Orlando Nightclub Shooting Was a Hate Crime

*This was home-grown, homophobic, terrorism. It was hate. VL


philadephia-magazineBy Sabrina Vourvoulais, Philadelphia Magazine (4 minute read)

“We find community and sanctuary on the dance floor. As Latino gay men, we teach ourselves to break tradition so that we can take the hand of another man and dance. We do this to keep traditional. This alone continues to provide us space, even if the spaces are borrowed, for us to be and feel safe. This massacre was another reminder that we can be robbed of these spaces, robbed of our humanity and our lives.”
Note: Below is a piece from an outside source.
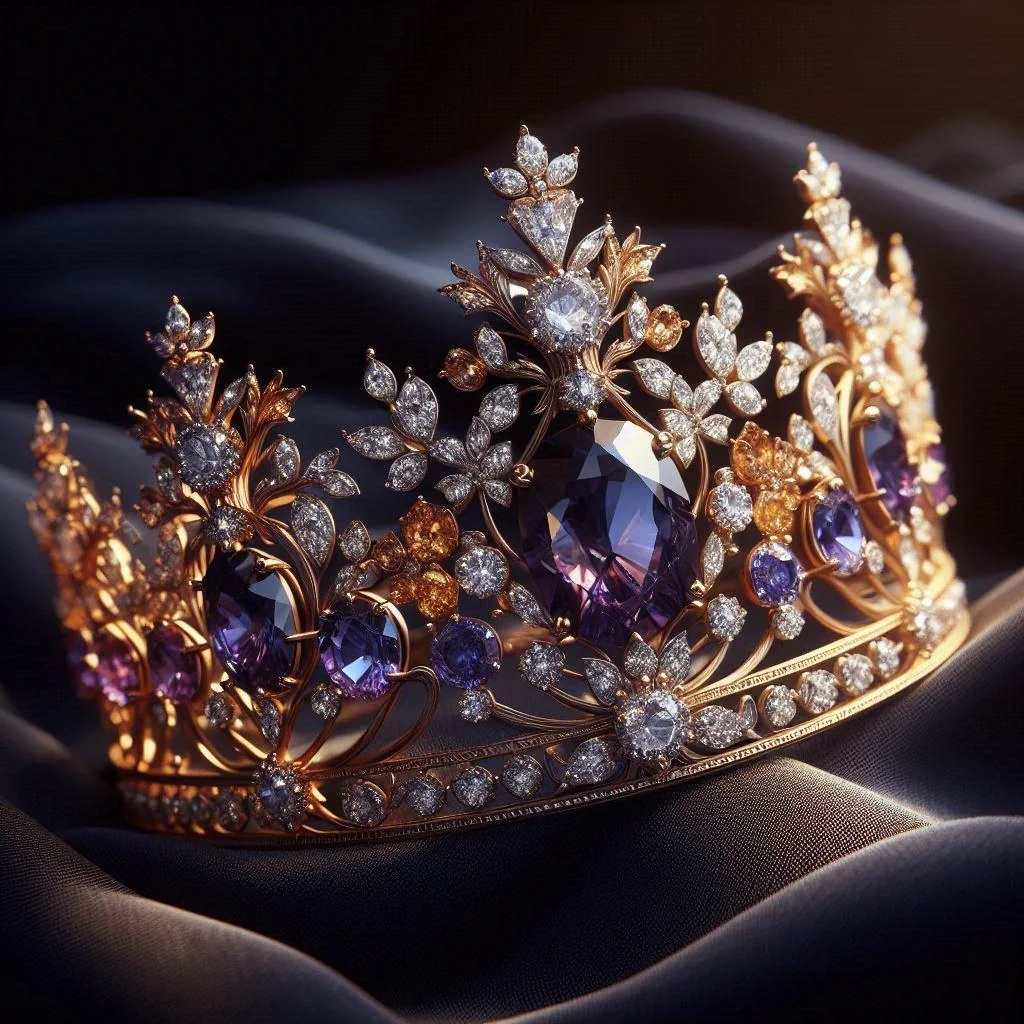 Das Diadem der goldenen Dämmerung aus Gold, Diamanten und Tansaniten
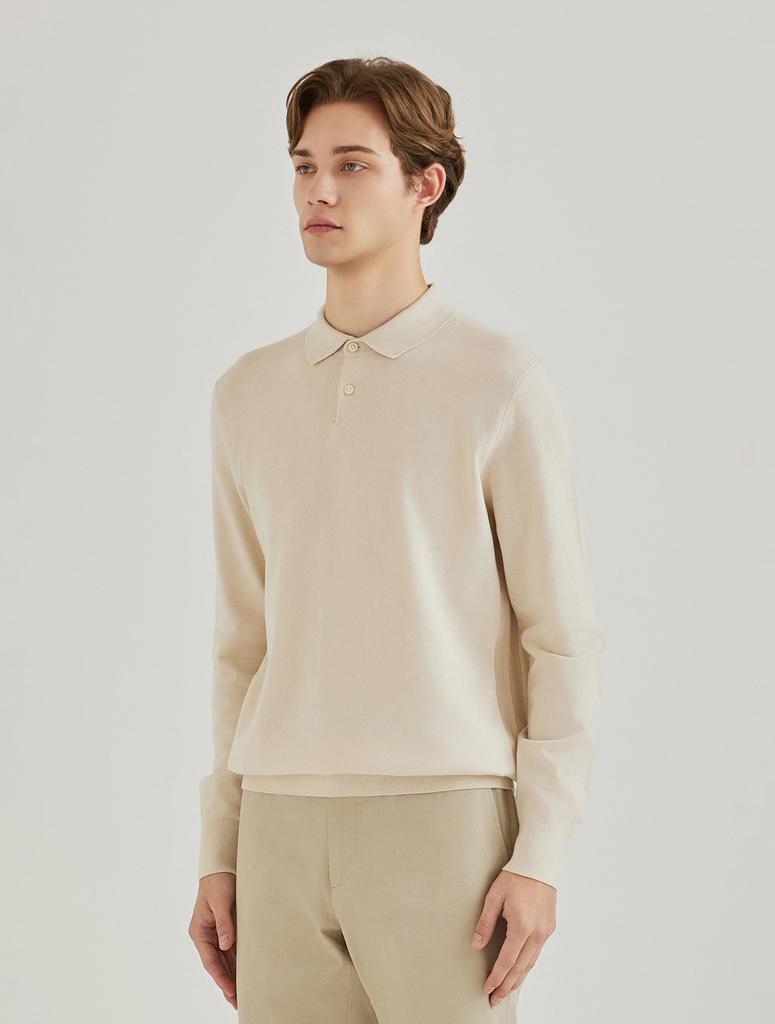 FERRAROMILANO Solid Long Sleeve Thierry Sweater Ivory (Am0Ets10161)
— Louie A. Ortiz-Fonseca, founder of The Gran Varones, a storytelling project that shines a light on the stories of Latino & Afro-Latino Gay, Queer and Trans men.

I’m writing this column Sunday night. I’ve spent all day online, tracking what is happening in Orlando, Fla., where in the early hours of the day, a gunman shot and killed at least 53 people at a popular gay dance club where folks had gathered for a night of reggaeton, bachata and salsa.

You don’t need me to tell you the details of the Orlando nightclub shooting — every news story out there has them — and after a while they serve more as distraction than revelation. That last is what we crave, not only an answer to an unfathomable “why” but also what it means for us (and about us) as a nation.

It’s valid to point to guns as part of the answer to that why: the ease with which people can lay their hands on assault rifles like Omar Marteen used, for example, or the sheer number of guns in private hands in our nation.

But it is a very partial answer, and one that ignores the particulars of the hate expressed through the crime. This was a slaughter of LGBTQIA folks, many of them Latinxs and people of color, during Pride month. We cannot, and should not, hide from these facts. READ MORE 



Sabrina Vourvoulias is an award-winning columnist with bylines at The Guardian US,AL DÍA News, Tor.com and Strange Horizons. Her novel, Ink, was named one of Latinidad’s Best Books of 2012. Follow her on Twitter @followthelede.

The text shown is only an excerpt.